> [PROVIDED INFORMATION]
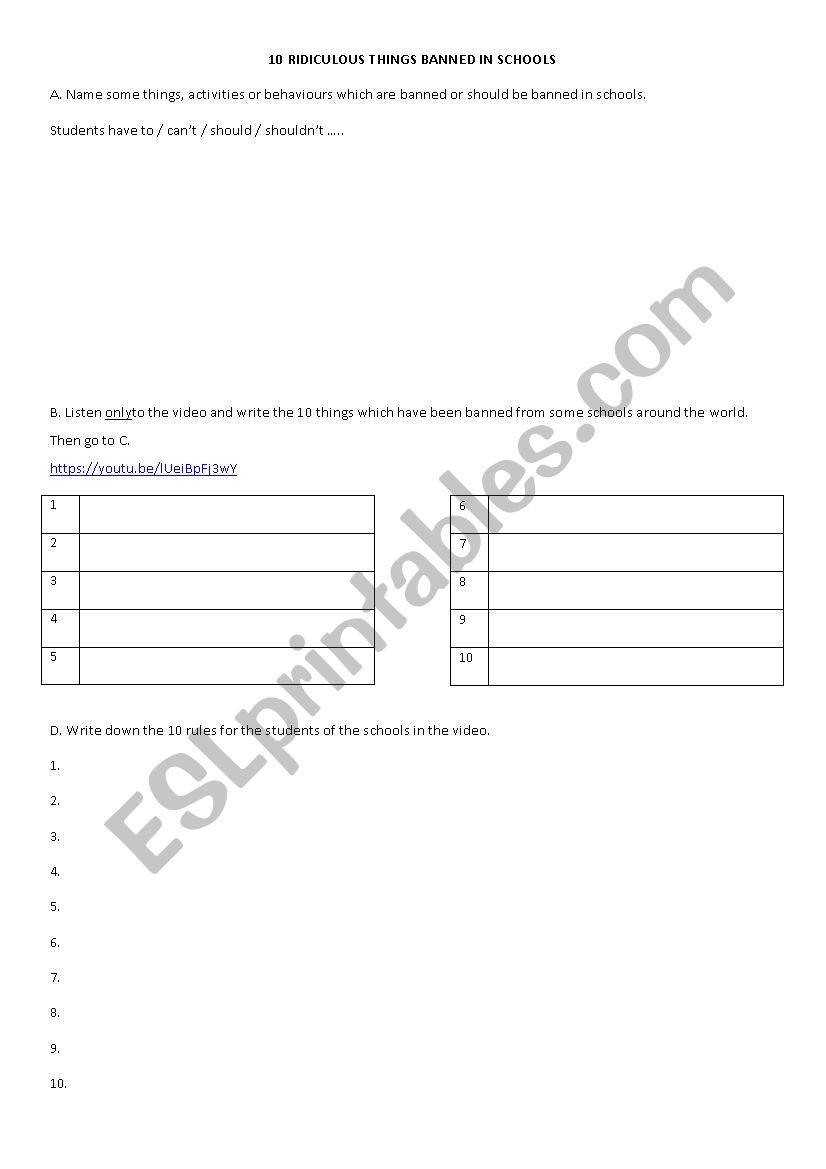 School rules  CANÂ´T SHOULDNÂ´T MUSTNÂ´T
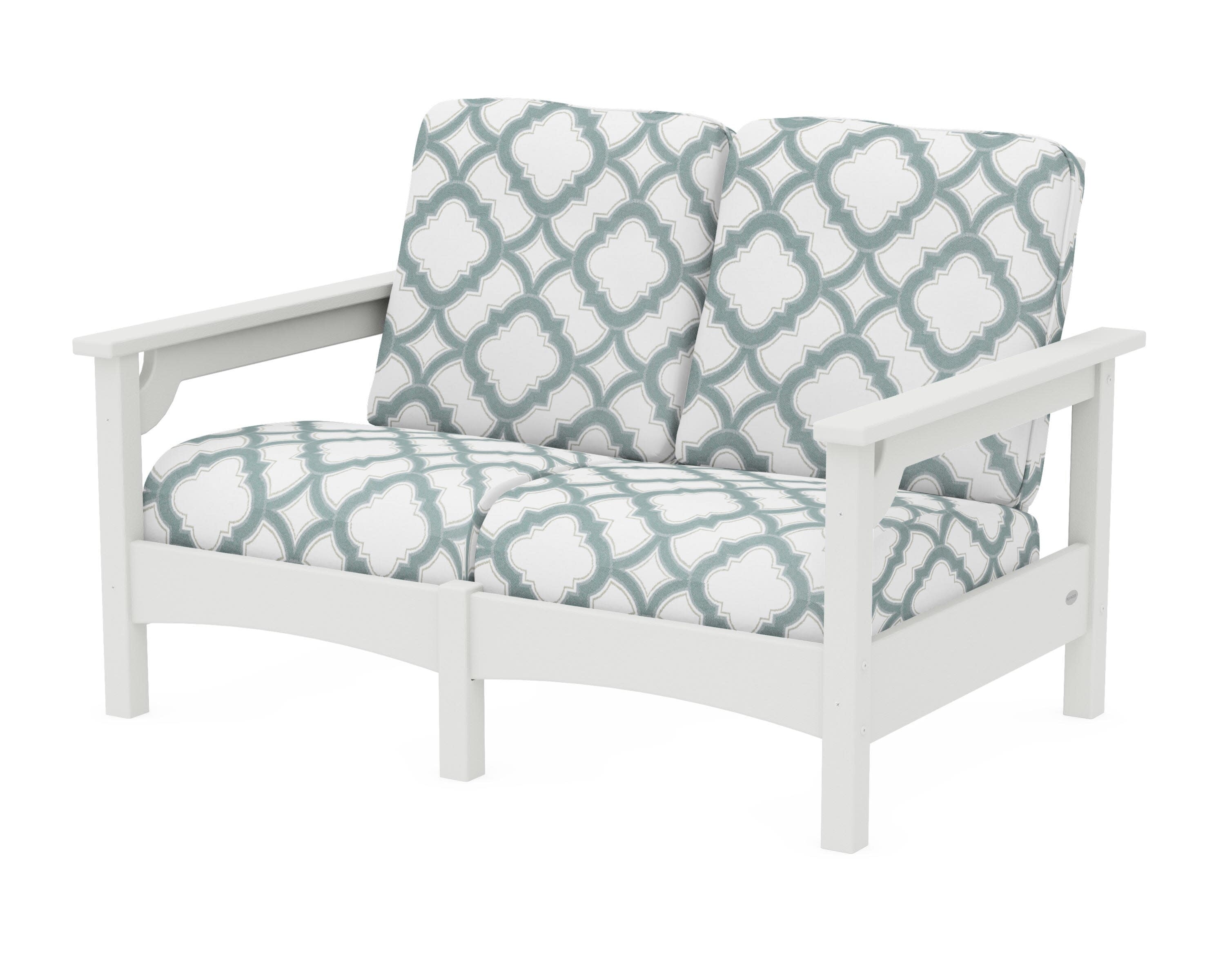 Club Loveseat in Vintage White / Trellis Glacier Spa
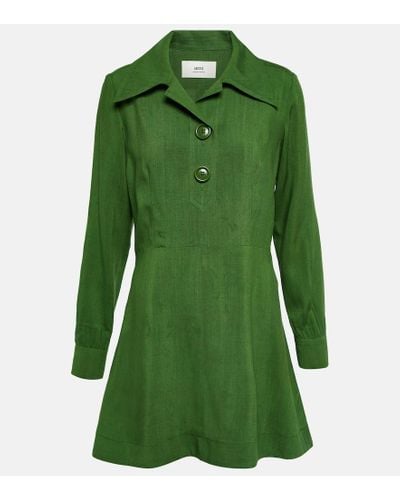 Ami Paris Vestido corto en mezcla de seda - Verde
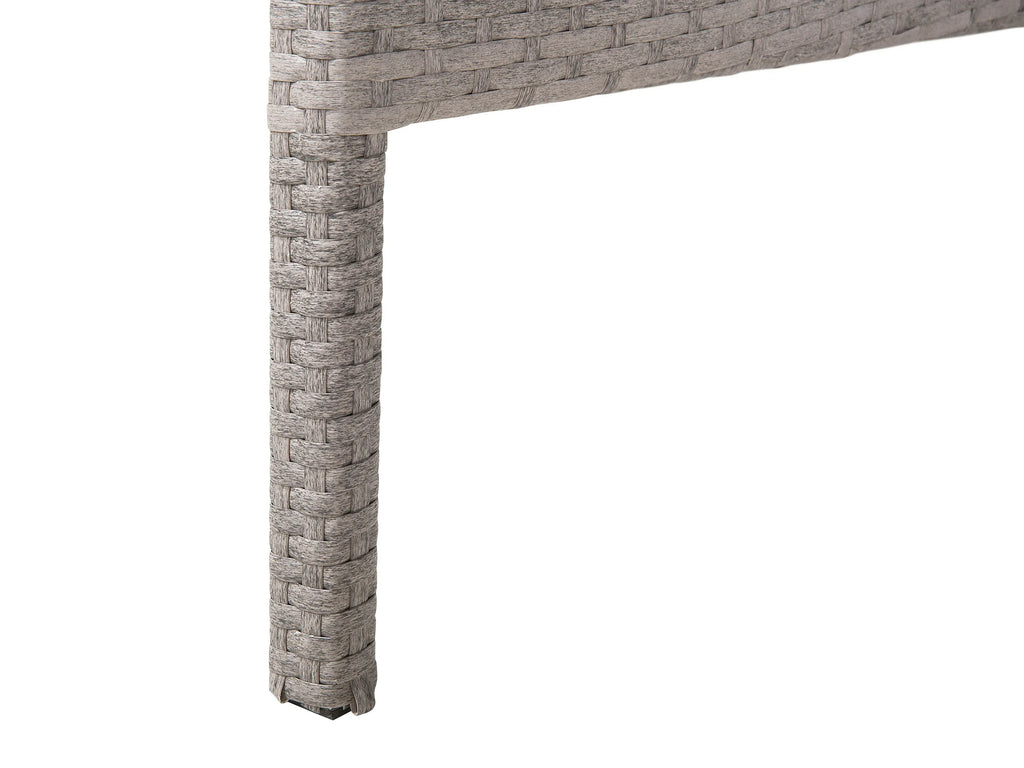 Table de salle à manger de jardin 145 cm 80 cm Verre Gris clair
* * *
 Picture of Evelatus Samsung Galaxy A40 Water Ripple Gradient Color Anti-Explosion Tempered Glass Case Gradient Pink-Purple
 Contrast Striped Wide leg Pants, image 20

> [YOUR ASSIGNMENT] Using the entries above, extract exactly the lines from the one that contains "Ami Paris Vestido" through the one that contains "Table de salle". Do not carry over any pictures.

> [YOUR RESPONSE]
 Ami Paris Vestido corto en mezcla de seda - Verde
 Table de salle à manger de jardin 145 cm 80 cm Verre Gris clair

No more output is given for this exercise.